• _How to complete this task_:
For this exercise, report every line of the material that includes "Black".

• _Given data_:

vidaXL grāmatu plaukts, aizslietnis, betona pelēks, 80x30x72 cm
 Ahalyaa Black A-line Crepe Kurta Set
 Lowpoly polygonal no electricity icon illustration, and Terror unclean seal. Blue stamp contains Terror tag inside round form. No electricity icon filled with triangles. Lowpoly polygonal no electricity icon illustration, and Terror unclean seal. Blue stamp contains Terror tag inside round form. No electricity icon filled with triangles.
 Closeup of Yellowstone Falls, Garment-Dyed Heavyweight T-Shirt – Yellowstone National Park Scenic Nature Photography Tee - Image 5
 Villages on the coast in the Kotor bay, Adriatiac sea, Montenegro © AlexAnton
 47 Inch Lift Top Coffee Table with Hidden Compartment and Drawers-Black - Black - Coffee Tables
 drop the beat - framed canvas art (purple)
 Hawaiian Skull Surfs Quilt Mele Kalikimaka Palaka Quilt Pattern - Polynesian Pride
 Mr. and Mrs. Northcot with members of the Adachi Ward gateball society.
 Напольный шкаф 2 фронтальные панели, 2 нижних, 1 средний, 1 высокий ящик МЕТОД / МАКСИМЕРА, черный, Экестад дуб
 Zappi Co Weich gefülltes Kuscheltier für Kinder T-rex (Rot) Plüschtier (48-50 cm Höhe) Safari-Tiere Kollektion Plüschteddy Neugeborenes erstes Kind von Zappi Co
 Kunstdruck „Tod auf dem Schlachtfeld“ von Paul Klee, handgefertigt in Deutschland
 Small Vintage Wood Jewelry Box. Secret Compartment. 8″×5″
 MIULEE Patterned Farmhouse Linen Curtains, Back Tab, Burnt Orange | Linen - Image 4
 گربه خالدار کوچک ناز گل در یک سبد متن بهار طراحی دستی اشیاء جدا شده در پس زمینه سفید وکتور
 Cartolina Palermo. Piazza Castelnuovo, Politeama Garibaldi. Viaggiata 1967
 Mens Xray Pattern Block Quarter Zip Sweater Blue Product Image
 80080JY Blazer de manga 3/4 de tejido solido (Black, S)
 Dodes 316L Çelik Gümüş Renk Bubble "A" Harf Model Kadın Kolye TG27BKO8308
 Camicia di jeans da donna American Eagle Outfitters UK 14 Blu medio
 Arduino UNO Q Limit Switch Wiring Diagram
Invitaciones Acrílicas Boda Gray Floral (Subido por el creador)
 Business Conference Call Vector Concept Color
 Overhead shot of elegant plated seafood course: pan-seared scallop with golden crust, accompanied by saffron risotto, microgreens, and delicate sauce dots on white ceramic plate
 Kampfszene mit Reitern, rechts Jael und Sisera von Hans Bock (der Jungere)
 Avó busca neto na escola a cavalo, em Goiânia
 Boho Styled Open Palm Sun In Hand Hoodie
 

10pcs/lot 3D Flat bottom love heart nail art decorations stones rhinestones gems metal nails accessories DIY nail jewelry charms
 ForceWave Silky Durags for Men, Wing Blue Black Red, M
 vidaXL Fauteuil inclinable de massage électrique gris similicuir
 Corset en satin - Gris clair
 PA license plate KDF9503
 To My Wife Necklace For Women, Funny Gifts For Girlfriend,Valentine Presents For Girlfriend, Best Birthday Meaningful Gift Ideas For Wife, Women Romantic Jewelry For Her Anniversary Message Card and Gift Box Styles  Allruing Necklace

• _Result_:
 Ahalyaa Black A-line Crepe Kurta Set
 47 Inch Lift Top Coffee Table with Hidden Compartment and Drawers-Black - Black - Coffee Tables
 80080JY Blazer de manga 3/4 de tejido solido (Black, S)
 ForceWave Silky Durags for Men, Wing Blue Black Red, M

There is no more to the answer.